It’s Still Working, Wisconsin! Good Fiscal News Another Reminder That Lowering Taxes Creates Economic Growth

MacIver News Service | May 17, 2019

MADISON — A new Legislative Fiscal Bureau memo shows state tax collections over the next three years will come in $753 million higher than previously anticipated. It is yet another reminder that cutting taxes grows the economy and creates prosperity for all.

Highlights of the memo include:

  • Increased economic activity will lead to a $460 million increase in individual income tax collections and a $610 million increase in corporate income/franchise tax collections between the 2018-2019 and 2020-2021 fiscal years;
  • The 2018-19 general fund balance is expected to grow from $691.5 million, as estimated in January, to more than $1 billion by June 30, the end of the fiscal year;
  • The 2018-19 deposit to the Rainy Day Fund is now expected to be a whopping $291.1 million, bringing the fund’s balance to $615.5 million and helping to guard against future budget shortfalls;
  • Nationally, personal income is expected to grow between 4 and 5 percent each year through 2021, and the unemployment rate is expected to drop to 3.5 percent in 2020.
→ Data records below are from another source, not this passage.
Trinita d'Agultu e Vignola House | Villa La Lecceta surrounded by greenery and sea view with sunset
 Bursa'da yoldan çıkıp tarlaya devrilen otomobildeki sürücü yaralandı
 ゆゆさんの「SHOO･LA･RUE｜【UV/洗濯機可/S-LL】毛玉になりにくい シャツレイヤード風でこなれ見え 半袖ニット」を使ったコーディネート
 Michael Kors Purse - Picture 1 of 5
In response, MacIver Institute President Brett Healy issued the following statement:

“Thanks to tax cuts at the state and federal levels, as well as conservative budgeting here in Wisconsin over the last eight years, Wisconsin is heading in the right direction. The news that the state is expecting over $700 million more in revenue thanks to a hot economy and full employment is incredible. It also should serve as a reminder to Gov. Evers that lower taxes, sensible regulation, and prudent government spending is a recipe for economic growth and prosperity for all Wisconsinites.”

“Unfortunately, Gov. Evers’ budget would take Wisconsin backwards. Hopefully, with this news, Gov. Evers will see the error of his ways and join with legislative Republicans to cut taxes even further to keep this impressive and unprecedented economic growth chugging forward.”